素木しづ子と象徴主義小説
筑摩の古い全集本で「大正小説集」というのを読んでいて、ちょっと引っかかったのが素木しづ子という女流作家だ。いっときは樋口一葉の再来とまでいわれたらしいが、24歳で夭折した。「大正小説集」に収められているのは「三十三の死」という作品で、そこに描き出された感覚がふつうでないのは読んですぐに気がつく。いったいどういう作家だろうか、と思って『青白き夢』という作品集を買ってみた(大正7年、新潮社)。
彼女については、復刻本もあり、ネットにはりっぱなホームページもある。いまでもけっして忘れ去られているわけではないのだ。
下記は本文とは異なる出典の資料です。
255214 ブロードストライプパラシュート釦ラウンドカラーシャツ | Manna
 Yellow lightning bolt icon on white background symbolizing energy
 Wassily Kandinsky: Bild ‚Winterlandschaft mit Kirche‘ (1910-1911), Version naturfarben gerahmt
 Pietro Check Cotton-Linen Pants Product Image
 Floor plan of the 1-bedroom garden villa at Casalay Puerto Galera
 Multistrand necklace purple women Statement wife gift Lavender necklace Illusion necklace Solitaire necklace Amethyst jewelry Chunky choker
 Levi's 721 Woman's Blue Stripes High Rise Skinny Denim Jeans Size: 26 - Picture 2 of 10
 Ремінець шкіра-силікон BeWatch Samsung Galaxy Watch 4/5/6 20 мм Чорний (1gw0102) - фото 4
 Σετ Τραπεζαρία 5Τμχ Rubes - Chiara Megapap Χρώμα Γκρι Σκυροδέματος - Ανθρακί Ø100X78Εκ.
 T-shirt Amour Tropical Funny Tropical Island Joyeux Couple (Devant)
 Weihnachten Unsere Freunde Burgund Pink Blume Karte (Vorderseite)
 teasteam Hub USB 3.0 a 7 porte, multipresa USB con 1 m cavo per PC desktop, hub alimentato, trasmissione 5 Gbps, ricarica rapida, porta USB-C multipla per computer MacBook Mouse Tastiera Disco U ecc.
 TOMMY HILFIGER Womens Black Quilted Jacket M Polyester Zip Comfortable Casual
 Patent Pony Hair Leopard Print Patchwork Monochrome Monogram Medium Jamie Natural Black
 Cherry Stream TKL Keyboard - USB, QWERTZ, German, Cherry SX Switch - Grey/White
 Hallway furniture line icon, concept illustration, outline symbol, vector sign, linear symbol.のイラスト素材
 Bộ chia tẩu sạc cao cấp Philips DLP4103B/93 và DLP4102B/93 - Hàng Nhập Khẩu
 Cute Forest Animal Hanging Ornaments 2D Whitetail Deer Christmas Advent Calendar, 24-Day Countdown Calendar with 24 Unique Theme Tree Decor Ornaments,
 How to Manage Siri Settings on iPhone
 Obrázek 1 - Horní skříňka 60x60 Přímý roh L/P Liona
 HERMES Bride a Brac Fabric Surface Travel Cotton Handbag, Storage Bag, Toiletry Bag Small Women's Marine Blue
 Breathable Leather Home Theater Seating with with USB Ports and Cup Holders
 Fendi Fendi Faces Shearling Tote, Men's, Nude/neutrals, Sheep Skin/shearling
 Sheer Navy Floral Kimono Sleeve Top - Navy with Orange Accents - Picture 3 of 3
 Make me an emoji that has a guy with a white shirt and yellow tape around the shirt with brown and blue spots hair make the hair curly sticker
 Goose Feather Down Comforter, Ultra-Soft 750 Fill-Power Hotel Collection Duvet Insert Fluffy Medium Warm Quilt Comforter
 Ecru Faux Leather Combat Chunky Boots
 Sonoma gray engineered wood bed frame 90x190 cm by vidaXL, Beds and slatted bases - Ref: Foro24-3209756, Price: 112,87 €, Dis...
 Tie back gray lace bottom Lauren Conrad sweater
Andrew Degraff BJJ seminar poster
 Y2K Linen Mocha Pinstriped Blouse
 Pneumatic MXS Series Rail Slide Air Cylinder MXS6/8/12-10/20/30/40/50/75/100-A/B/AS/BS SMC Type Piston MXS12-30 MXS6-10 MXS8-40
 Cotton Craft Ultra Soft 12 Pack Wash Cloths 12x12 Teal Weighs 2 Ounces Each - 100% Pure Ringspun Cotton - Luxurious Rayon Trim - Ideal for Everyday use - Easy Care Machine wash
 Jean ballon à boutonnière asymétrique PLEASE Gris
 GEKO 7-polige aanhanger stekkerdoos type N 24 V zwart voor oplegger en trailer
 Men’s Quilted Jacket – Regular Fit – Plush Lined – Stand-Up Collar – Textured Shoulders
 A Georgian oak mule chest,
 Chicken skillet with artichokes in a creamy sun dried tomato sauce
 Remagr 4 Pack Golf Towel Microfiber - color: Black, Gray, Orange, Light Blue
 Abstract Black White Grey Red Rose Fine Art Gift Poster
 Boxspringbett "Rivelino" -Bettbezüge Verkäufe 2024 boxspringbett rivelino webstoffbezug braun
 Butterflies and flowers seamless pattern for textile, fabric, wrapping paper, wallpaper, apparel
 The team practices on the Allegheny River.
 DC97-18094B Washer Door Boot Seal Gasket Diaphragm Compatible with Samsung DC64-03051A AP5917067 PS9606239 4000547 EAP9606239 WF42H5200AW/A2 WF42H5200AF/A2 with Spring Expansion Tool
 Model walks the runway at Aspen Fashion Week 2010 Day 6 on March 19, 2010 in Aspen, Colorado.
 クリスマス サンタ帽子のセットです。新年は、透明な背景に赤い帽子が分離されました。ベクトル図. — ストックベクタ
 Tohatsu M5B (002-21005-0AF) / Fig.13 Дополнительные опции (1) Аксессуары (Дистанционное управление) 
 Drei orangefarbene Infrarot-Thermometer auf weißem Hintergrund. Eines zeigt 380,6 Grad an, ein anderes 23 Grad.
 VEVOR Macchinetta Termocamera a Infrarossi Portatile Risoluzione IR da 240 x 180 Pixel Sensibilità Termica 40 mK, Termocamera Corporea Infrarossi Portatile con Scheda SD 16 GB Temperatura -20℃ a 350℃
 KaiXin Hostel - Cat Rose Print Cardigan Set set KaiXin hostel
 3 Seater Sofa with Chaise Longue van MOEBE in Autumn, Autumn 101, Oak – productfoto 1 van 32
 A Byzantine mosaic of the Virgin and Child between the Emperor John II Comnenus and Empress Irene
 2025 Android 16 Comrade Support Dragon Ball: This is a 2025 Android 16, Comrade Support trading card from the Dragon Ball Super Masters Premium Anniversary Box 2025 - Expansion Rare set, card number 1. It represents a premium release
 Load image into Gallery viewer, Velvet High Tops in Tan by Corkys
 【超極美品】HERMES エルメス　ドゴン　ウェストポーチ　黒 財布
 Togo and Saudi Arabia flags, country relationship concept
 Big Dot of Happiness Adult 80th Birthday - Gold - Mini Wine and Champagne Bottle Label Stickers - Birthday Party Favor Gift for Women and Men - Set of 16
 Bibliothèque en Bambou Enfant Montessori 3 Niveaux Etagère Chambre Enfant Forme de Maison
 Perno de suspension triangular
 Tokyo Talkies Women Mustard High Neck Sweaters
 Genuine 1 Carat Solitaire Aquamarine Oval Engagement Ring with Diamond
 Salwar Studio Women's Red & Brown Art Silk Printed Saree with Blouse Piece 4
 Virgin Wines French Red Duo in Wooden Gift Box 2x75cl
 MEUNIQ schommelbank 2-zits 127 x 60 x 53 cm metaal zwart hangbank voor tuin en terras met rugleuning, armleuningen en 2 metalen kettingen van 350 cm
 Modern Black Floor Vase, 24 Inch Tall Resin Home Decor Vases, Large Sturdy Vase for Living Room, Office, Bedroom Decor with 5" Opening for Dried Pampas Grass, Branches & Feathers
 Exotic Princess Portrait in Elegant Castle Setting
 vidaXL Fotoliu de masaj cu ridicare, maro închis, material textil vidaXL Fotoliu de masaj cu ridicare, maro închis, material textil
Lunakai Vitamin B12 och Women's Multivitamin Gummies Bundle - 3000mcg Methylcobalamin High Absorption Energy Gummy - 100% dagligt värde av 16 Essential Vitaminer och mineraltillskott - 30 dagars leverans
さて、その作品集を読んでみて、そのいくつかは象徴主義の圏内に入っているのもあるように思った。まずその筆頭は「幸福への道」だろう。
話の筋は簡単で、若い二人の恋人が、ある秋に、どこかの郊外へ散策に出て、緑の野原を見つけようとする。しかし、どんなに歩いても、いい野原は見つからない。秋の郊外に春の野を捜すのがどだい無理なのだろうか。しかし、ともかくそれを捜しながら道を歩いたことだけは確かなのだ。そう思って、二人は帰りの電車内で初めて互いの手をとりあう、というもの。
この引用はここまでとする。